Figure 9 shows the distribution of Gini scores for positively and negatively marked forms in the Generalization and Rating Phases. A GLM found a significant effect of valence (i.e., whether the marked form was positive or negative) on the Gini score in the Generalization phase for the relevant context, F(1,183) = 13.09, χ2 = 0.4= p < 0.001, with positively marked forms receiving lower Gini scores than negatively marked ones. In other words, negatively marked forms were more strongly differentiated in the participants’ output than positively marked ones. The same was true for the Rating task: F(1,183) =5.69, χ2 = 0.04, p = 0.02).

Figure 9. Gini scores for marked forms by context during generalization and rating tasks in Experiment 2. Red dots indicate mean values.

3.4. Discussion of Experiment 2

Experiment 2 expanded on Experiment 1 with the incorporation of neutral sentences during exposure, the Nudge condition (which provided a weaker contextual consistency than the Consistent condition), and a Rating task designed to help distinguish semantic differentiation from pragmatic differentiation.

In Experiment 1, we saw two kinds of differentiation: partial differentiation – in which one term became specialized as either negative or positive – and full differentiation, in which both terms became specialized.
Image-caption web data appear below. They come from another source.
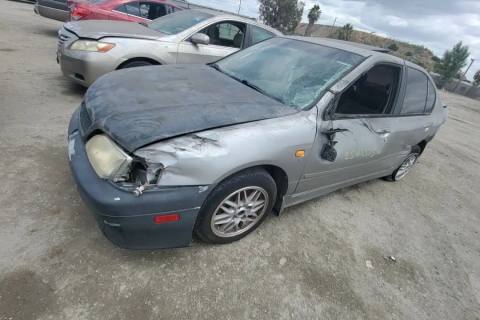 Photo of 2000 Infiniti G20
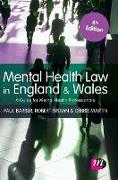 Mental Health Law in England and Wales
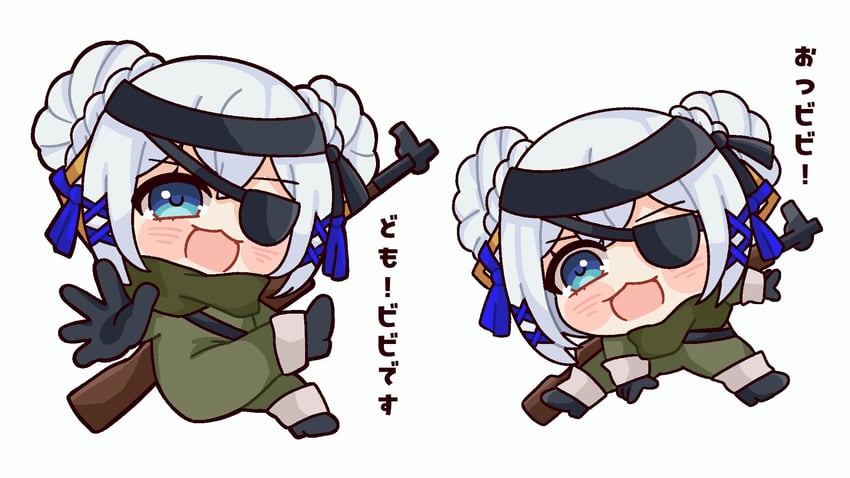 victoria brightshield (nijisanji and 2 more) drawn by yanagi_arisa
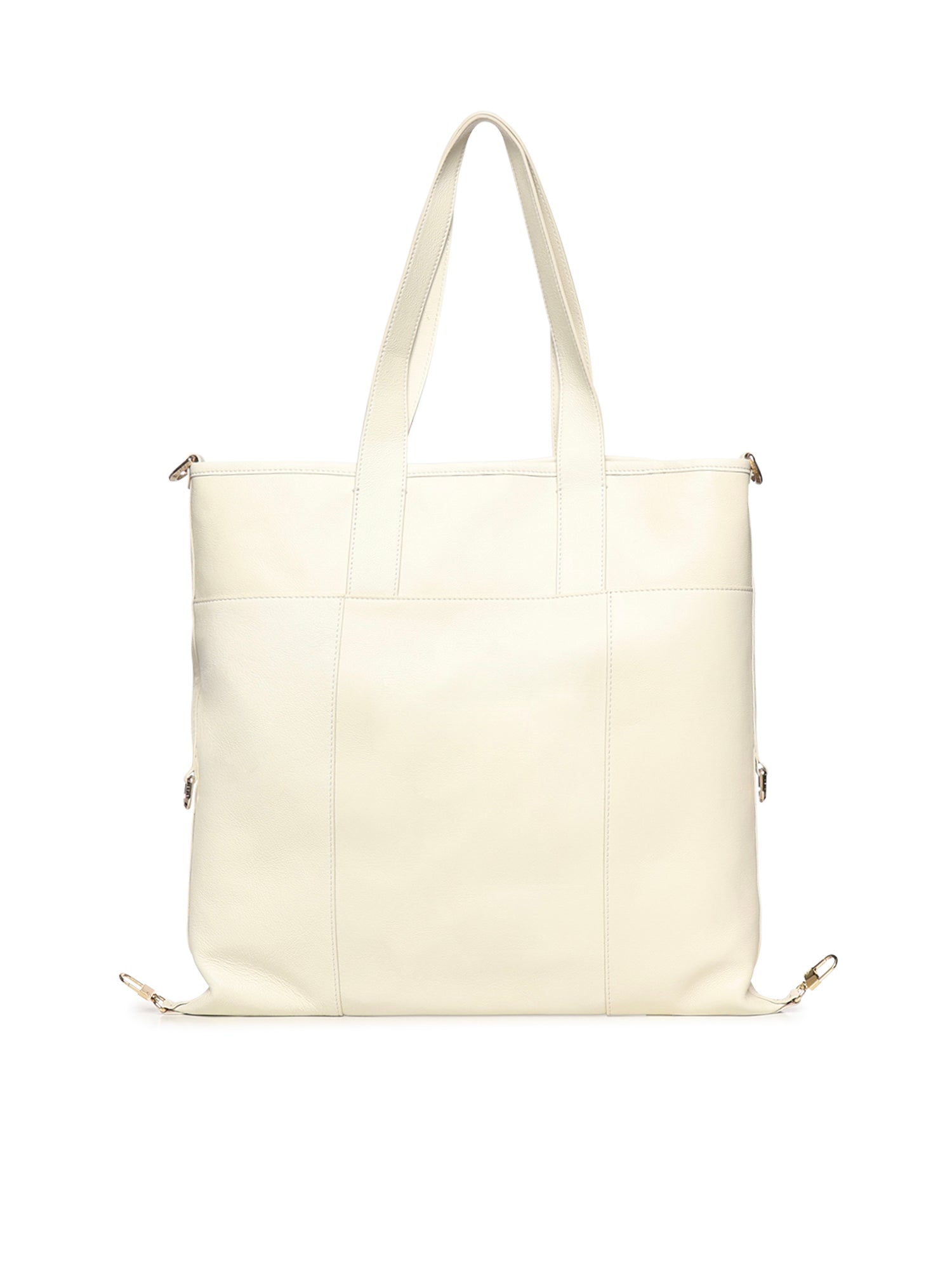 Biasia Bags White Leather
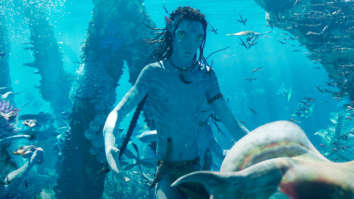 Movie Wallpapers of Avatar: The Way of Water (English)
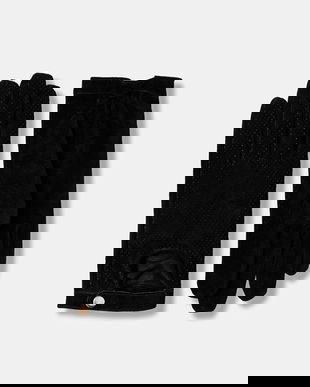 Medicine manusi din piele de caprioara culoarea bej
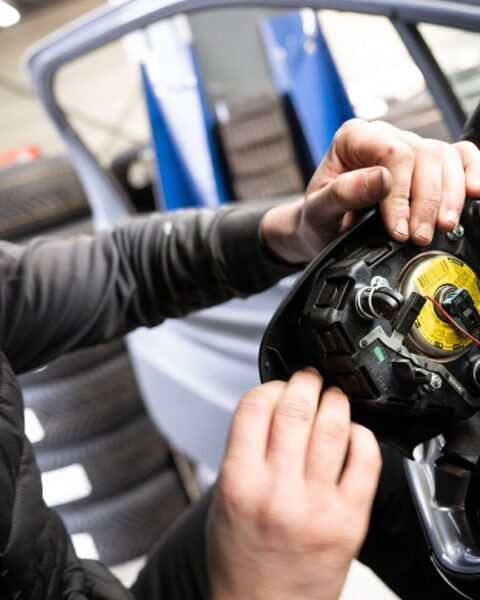 Nog meer auto's in Frankrijk teruggeroepen vanwege gevaarlijke airbags
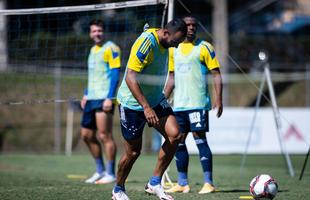 Cruzeiro, 3 colocado, pega o lder Atltico no Mineiro pela 9 rodada do Campeonato Mineiro 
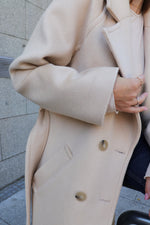 КАШМИРЕНО ПАЛТО ТИП ХАЛАТ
The former occurred in all conditions, while the latter was dominant in the Consistent condition. We found no evidence that responses strongly tracked input probabilities. This result is consistent with an account in which input quality is more important than quantity. But how consistent does input have to be? What if verbs sometimes occur in neutral contexts in input? The Nudge condition in Experiment 2 was designed to investigate this. As in Experiment 1, full differentiation occurred in the Consistent condition. It also occurred in the Nudge condition, though the pattern of results here was more bimodal (Figure 3). As in Experiment 1, the pattern for the Random and Neutral conditions was for lower differentiation, but the verbs still tended to be differentiated in all conditions. The mean Gini score in the Random condition, for instance, was 0.19, close to the value in Experiment 1. This is consistent with a pattern in which both verbs might appear in all three contexts, but each dominates in one of them. In other words, there was again a tendency for participants to introduce greater differentiation than was in the input.
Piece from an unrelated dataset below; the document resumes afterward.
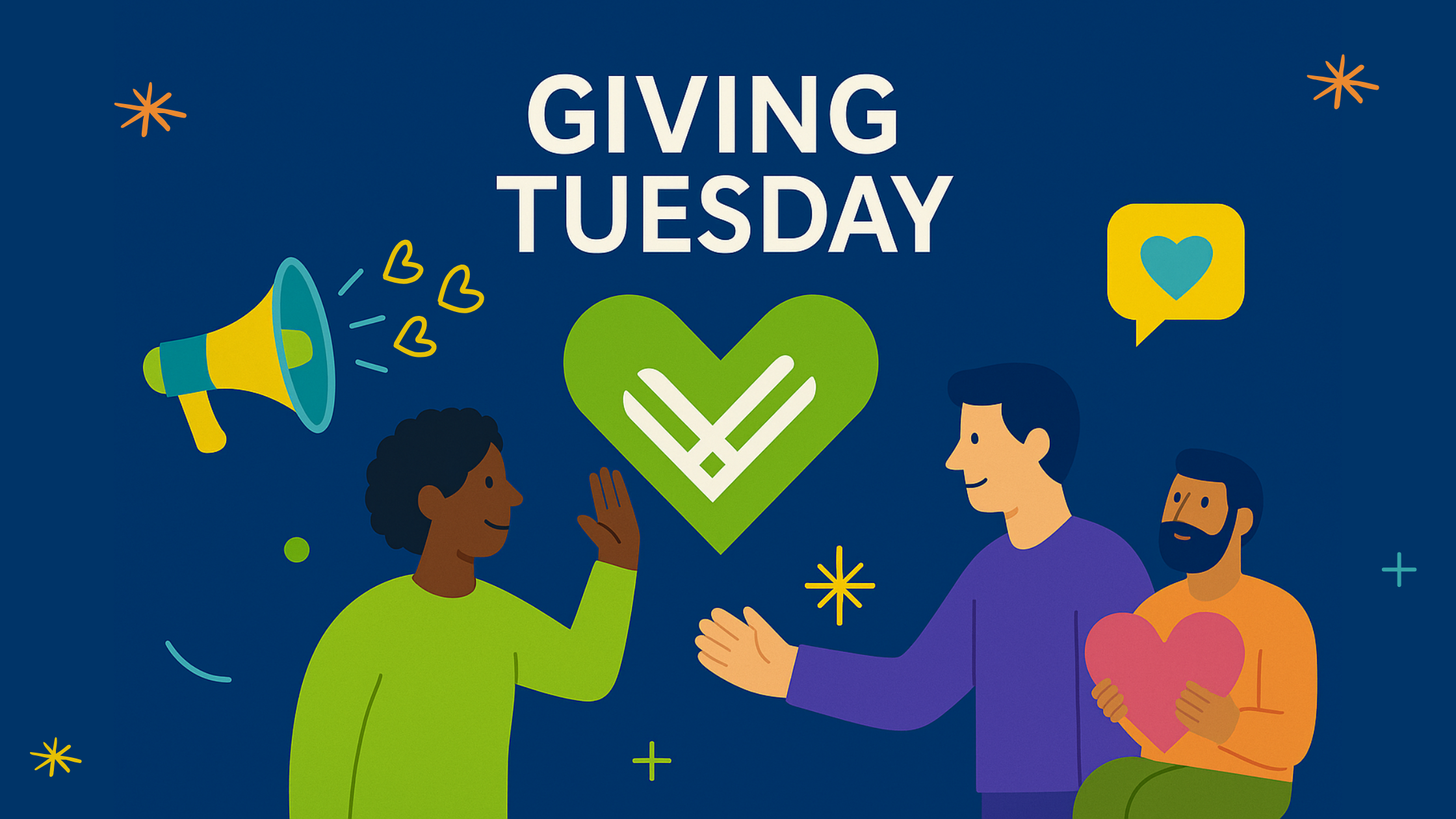 Eleo Blog - Giving Tuesday Engagement Ideas for Small Nonprofits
Consistent with the findings of Experiment 1, participants in Experiment 2 did not more strongly differentiate the verbs based on the size of the bias in the input. Participants differentiated just as much in the Random condition, where words were presented equally frequently in both positive and negative sentences, and the Neutral condition, where there was no information about positivity or negativity at all.

Most interestingly, the Consistent condition did not lead to significantly greater differentiation than the Nudge condition (although the distribution was more bimodal in the Nudge condition). The results of the Nudge condition also contrast with the Overlapping condition in Experiment 1, in which participants behaved essentially as in the Random and Neutral conditions. This is interesting, because the Exposure distributions were very similar in Experiment 1’s Overlapping condition and Experiment 2’s Nudge condition – each word was presented 75% percent of the time in either a negative or positive context. The difference is that, in the Nudge Condition, the remaining 25% of occurrences were neutral. These results strongly suggest, consistently with those from Experiment 1, that quality of exposure is the most important factor influencing differentiation. If a word is presented only in a single positively or negatively valenced context, it becomes easier for that word to adopt a specific meaning, even if it does not only occur in that context. What matters more is how often it occurs in a directly contradictory context. This is not to say that distribution frequency might not contribute to the differentiation of near-synonyms. The results of the Nudge condition were not quite identical to those of the Consistent condition, and it is possible that the 75% rate in the Nudge condition was too high, resulting in a semantic shove instead of a semantic nudge. This raises the question of what the minimum value for differentiation might be: In other words, how much input is enough to optimally distinguish the words? For example, if the frequencies of the Nudge conditions were flipped, and both words appeared in neutral sentences 75% of the time, would participants behave the same? Future experiments can explore any number of probabilistic manipulations, keeping in mind that differentiation seems to be most strongly dependent on the quality of the input signal – whether or not a word appears in both positive and negative contexts.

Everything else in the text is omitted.